Jenő J. Tersánszky (1888 – 1969). In seinen jungen Jahren wollte er sich der Musik verschreiben, aber nie verschmerzen können, dass er es nie getan hat. Er begann mit dem Studium der Malerei, landete schließlich in der Juristerei. In den wenigen Jahren seiner Tätigkeit als Assessor machte er sich einen Namen als Anwalt der Armen. Allerdings trieb er dann wieder woandershin und begann mit dem Schreiben. „Mit der Feder glaubte er den Entrechteten, Gestrandeten und im Leben schlecht Davongekommenen am besten dienen zu können.“ So formuliert es Almos Csongár im Nachwort, der bei dem Autoren mal zu Besuch war.
Almos Csongár hat geschrieben:Als ich aus dem Bus stieg, erkannte ich ihn sofort, obwohl ich ihn noch nie gesehen und wir telefonisch kein Erkennungszeichen verabredet hatten.

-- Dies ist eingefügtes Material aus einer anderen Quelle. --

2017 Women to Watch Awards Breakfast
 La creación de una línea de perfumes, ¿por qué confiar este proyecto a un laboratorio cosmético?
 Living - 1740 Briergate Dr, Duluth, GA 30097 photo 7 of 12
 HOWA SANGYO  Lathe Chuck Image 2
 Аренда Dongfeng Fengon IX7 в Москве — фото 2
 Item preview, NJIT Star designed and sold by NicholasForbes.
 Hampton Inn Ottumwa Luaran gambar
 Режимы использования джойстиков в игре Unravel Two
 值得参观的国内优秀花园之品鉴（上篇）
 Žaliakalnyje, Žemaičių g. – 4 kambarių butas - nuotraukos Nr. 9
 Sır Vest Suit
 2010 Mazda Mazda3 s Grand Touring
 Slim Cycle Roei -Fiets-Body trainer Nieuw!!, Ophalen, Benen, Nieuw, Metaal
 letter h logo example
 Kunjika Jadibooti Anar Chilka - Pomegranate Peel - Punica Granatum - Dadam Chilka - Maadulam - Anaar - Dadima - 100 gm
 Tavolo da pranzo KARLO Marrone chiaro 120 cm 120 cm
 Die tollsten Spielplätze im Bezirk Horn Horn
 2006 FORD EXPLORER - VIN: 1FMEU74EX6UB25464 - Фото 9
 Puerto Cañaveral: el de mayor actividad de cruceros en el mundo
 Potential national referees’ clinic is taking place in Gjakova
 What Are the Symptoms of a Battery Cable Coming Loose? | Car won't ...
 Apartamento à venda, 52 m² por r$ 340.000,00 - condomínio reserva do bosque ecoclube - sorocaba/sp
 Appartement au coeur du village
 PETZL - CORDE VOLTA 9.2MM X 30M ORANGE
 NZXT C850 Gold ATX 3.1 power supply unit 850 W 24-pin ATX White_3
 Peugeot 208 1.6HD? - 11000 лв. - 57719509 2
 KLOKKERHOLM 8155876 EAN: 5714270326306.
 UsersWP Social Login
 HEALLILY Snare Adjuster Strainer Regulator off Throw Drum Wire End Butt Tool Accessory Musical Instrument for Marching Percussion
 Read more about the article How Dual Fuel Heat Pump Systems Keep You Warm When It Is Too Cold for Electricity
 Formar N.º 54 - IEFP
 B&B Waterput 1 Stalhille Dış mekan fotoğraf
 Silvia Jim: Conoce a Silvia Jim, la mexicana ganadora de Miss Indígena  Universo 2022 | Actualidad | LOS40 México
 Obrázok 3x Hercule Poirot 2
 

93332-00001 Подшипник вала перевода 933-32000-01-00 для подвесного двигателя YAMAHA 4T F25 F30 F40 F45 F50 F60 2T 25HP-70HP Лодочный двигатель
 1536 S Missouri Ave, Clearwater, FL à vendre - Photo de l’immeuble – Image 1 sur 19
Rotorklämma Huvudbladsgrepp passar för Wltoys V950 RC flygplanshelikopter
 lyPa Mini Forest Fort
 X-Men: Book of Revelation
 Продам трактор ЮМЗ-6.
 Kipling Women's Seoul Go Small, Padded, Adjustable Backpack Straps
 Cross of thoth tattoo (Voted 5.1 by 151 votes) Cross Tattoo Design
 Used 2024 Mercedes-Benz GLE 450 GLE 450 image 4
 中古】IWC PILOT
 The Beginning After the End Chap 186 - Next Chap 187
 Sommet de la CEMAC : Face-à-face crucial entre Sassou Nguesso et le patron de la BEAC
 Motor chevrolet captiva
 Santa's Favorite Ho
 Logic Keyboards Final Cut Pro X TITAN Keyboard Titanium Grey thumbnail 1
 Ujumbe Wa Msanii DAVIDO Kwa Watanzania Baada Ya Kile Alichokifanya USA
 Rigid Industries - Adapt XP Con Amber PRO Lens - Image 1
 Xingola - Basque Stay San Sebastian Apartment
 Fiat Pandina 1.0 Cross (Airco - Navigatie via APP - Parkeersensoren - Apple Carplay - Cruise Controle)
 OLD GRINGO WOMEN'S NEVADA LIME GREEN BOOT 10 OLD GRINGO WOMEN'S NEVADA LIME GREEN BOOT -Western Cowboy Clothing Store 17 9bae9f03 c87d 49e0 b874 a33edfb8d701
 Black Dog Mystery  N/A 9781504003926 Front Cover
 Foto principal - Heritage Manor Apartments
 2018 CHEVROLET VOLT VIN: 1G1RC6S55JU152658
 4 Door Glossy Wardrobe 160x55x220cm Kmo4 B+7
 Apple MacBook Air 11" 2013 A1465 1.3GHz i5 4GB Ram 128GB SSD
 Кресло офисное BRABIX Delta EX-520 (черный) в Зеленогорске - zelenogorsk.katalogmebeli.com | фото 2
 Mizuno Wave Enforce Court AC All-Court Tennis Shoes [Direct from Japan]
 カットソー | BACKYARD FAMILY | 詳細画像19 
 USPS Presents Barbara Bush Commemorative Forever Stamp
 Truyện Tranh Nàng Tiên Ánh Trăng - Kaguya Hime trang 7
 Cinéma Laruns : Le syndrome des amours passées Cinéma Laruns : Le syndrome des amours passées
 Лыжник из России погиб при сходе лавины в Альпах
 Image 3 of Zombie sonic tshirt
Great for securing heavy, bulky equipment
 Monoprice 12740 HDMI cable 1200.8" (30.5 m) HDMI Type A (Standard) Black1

Da man im deutschsprachigen Internet kaum oder gar nichts über Tersánszky findet, bin ich für das Nachwort sehr dankbar. Er war Kriegsfreiwilliger. Im Frühjahr 1915 ist in seinem Tagebuch vermerkt:
aus dem Tagebuch von Tersánszky hat geschrieben:Vom Oberst aufwärts bereichert sich jeder....Der General riskiert rein gar nichts für sein Riesensold, während der einfach Soldat für einen nichtigen Sold alles riskiert.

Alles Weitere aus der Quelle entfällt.